Sale et puant


La salle d’attente était bondée, car plusieurs médecins consultent dans ce centre médical. Il y avait seulement deux chaises de libres, une à côté d’une femme très élégante et l’autre à côté d’un homme d’où provenait une forte odeur – ses vêtements faisaient comprendre que l’hygiène était très précaire -. Peut-être était-il là pour se protéger du froid intense de la rue.

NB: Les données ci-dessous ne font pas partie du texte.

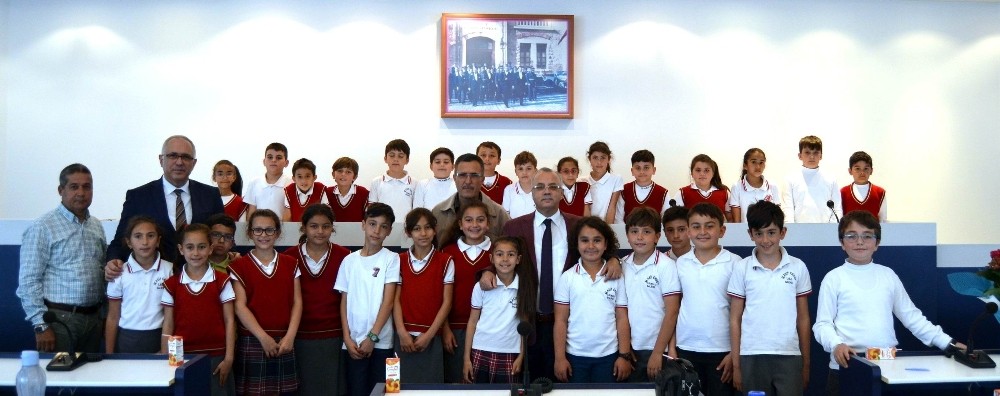 Öğrenciler yerel yönetimi Başkan Kayda’dan öğrendi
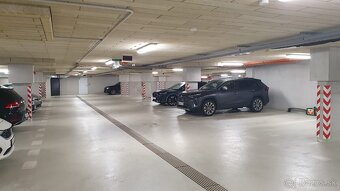 Garážove miesto v Dubravke - 2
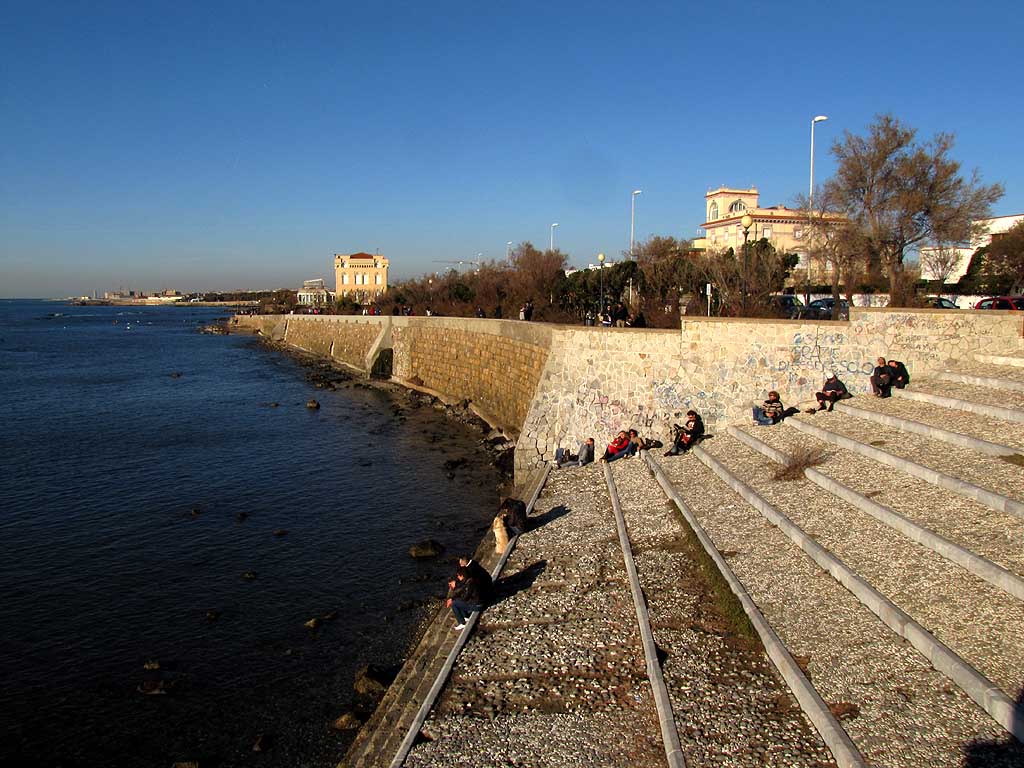 Livorno una foto al giorno: aprile 2013 Mascagni decorazione terrazza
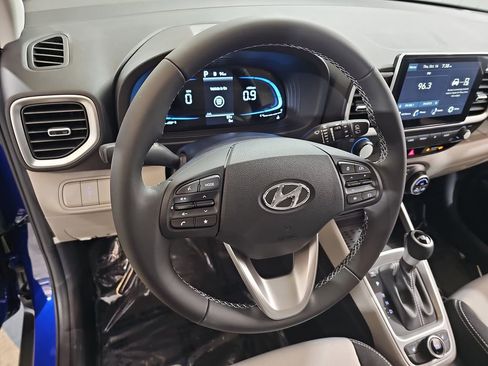 New 2026 Hyundai Venue SEL FWD image 15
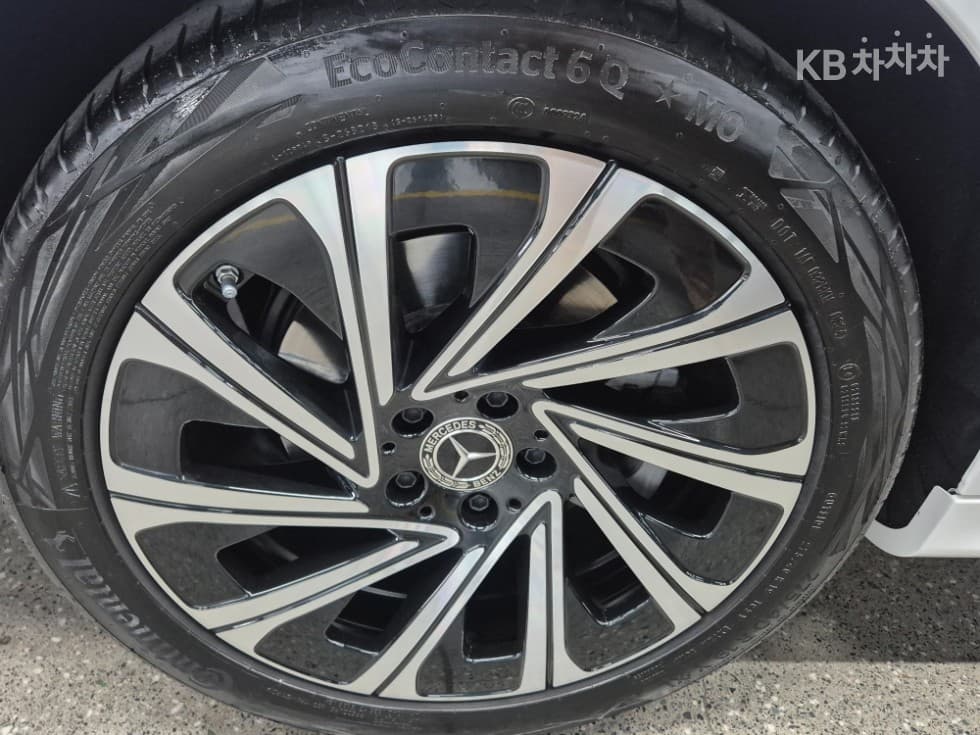 Mercedes-Benz E-클래스 (W214)E300 4MATIC AMG Line - 27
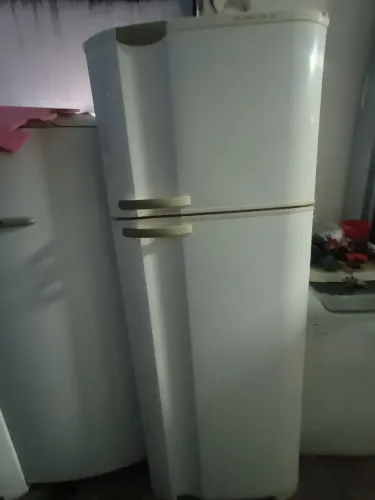 Geladeira 220v motor novo 462 litros gelo seco entrego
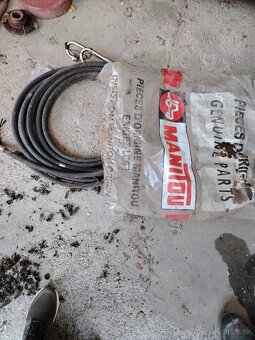 Predam hydraulicku hadicu a olej na Manitou - 4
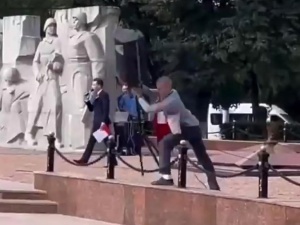 Rzucił o ziemię głośnikami grającymi rosyjski hymn. Poniesie konsekwencje? [WIDEO]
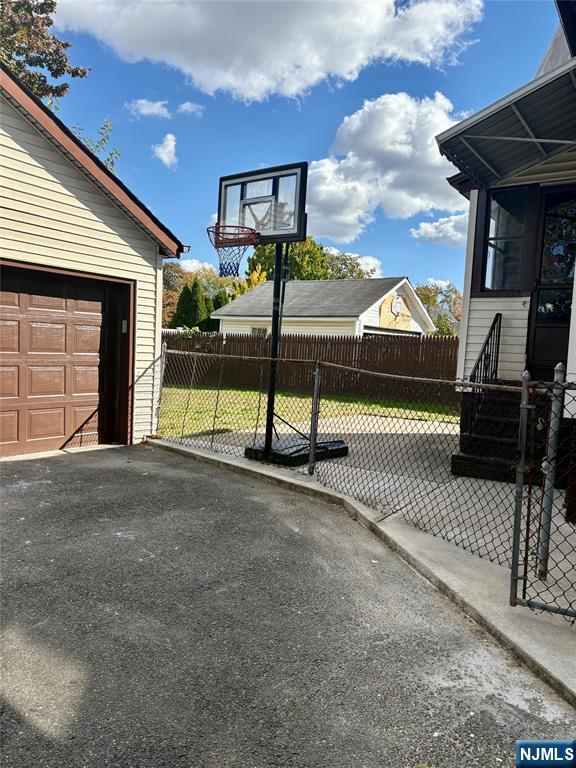 28 Arlington Avenue Paterson, NJ 07502 - Photo 4 of 25 a view of a terrace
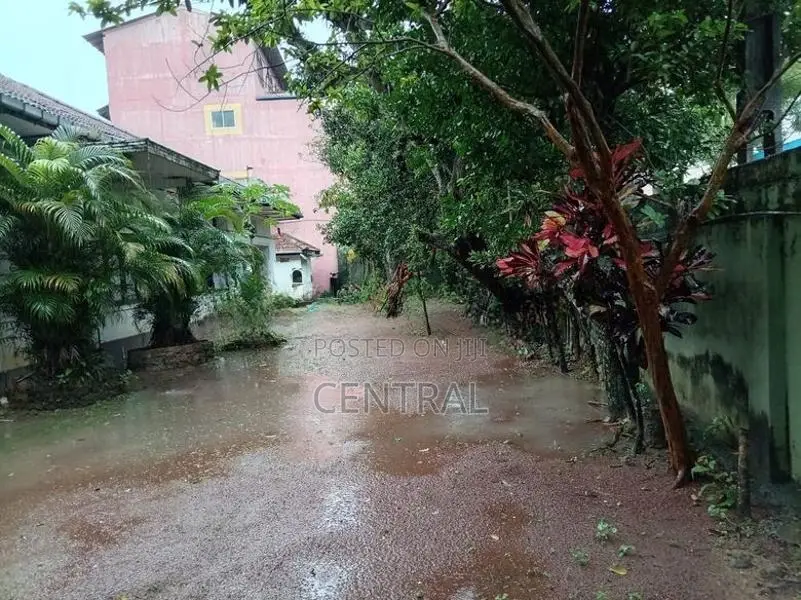 34 Perches land for sale with Colonial type House (C7-10216)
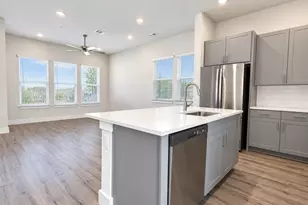 760 W Bedford Euless Rd, Hurst, TX 76053 - Photo 4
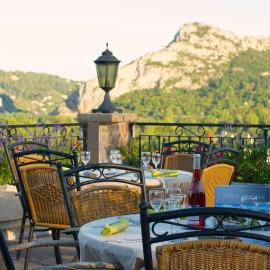 Logis Hotel Restaurant La Porte des Cévennes，位于昂迪兹的酒店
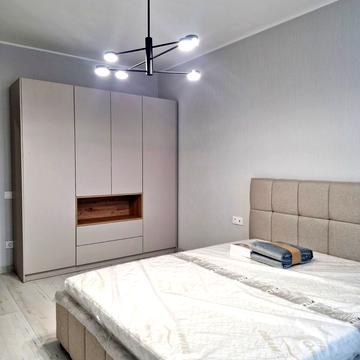 Воскресенська вул., 2-В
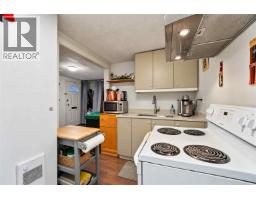 1004 Delestre Avenue, Coquitlam, BC V3K2G8 Photo 7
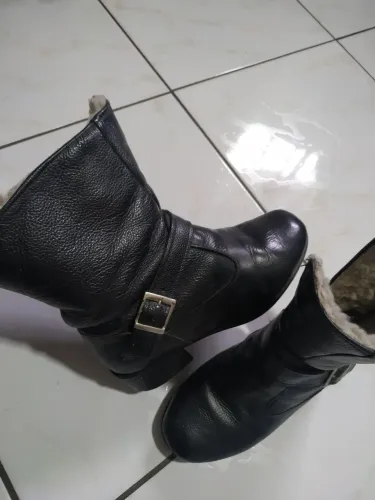 Botinha forrada de couro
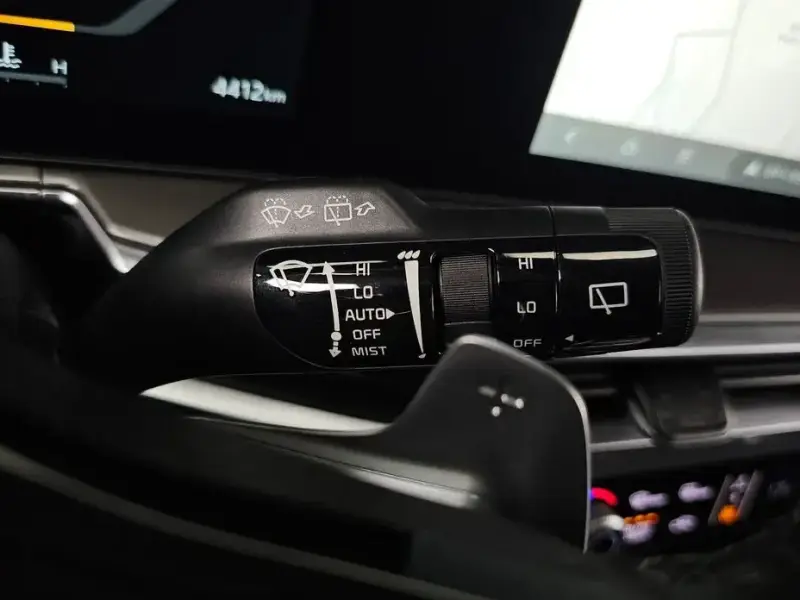 2025 Kia Sorento с пробегом 4 412 км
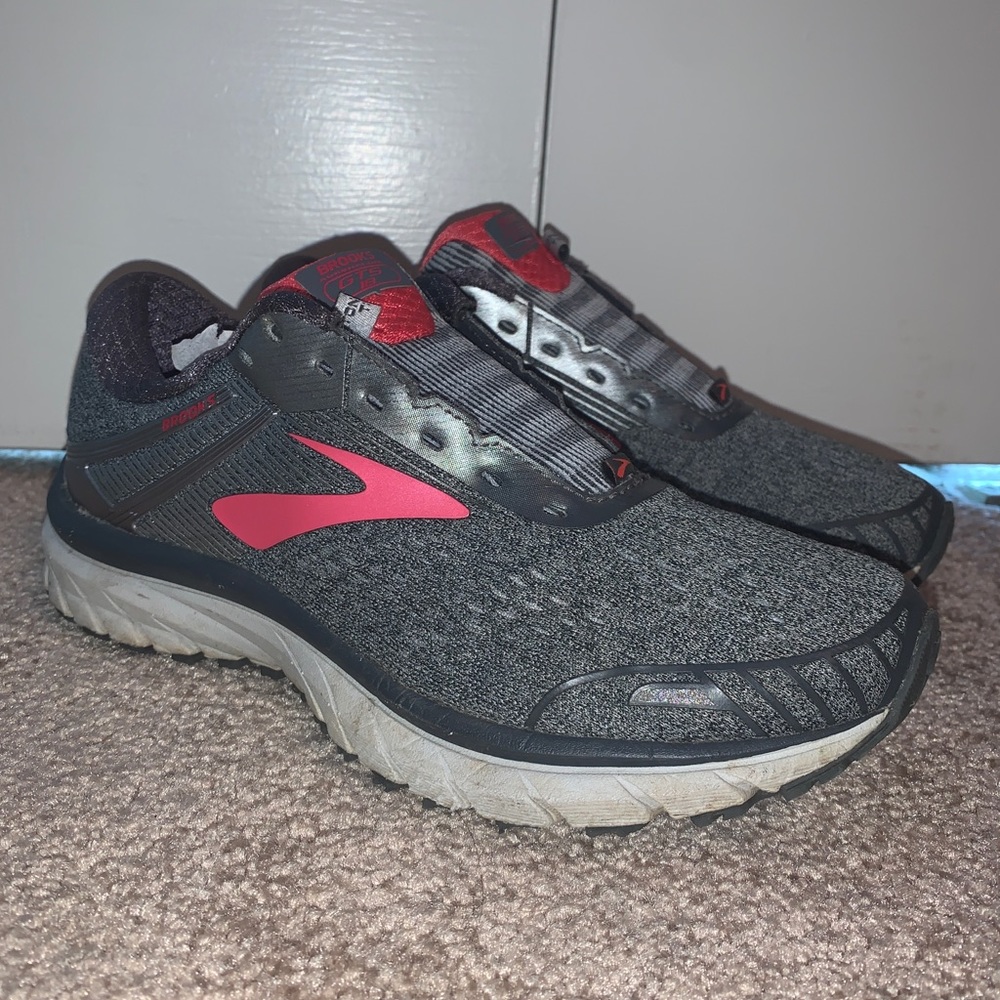 Brooks Adrenaline GTS 18 Women’s 6.5 Pink Grey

Mon premier élan fut celui de m’asseoir à côté de la dame car cette odeur me donnait la nausée. Cependant, je ne pus éviter de penser que si Jésus était présent en ce prochain, il l’était aussi dans ce pauvre. Il n’y avait pas d’excuses : ma place était à côté de lui, elle était la personne à préférer, justement pour son aspect imprésentable, parce qu’il était un de ces ‘rejetés’.
Je m ‘assis donc là en tentant de vaincre la naturelle aversion que je sentais, sous les regards étonnés des gens. Cet homme commença immédiatement à me parler :’’Mais quel beau pullover, quel beau pantalon ! Comme ce serait chouette d’avoir des vêtements comme ça !’’. Quand il commença à toucher mon pantalon pour en apprécier la qualité et à parler avec plus d’enthousiasme encore de mes habits, je dois avouer que je commençai à me sentir mal à l’aise.

Salus 1Les gens regardaient et s’attendaient à une réaction de ma part. Alors je me consacrai complètement à lui, en le traitant avec dignité, sans le juger, en voyant en lui un frère. Peu m’importait ce qui semblait vrai ou non ce qu’il me racontait de sa vie…Je comprenais qu’il avait besoin de quelqu’un qui l’écoute, le valorise et qu’il se sente quelqu’un d’important. J’essayais de ne pas faire attention au fait qu’en parlant, il postillonnait sur mes habits. Je sentais que cet effort m’extirpait d’une vie commode, et qu’en faisant ainsi, j’allais réussir à aimer cette personne. Je lui proposai de le voir le jour suivant pour aller boire ensemble un café. Mon nouvel ami avait l’air surpris et content. Bien sûr, beaucoup de gens nous écoutaient.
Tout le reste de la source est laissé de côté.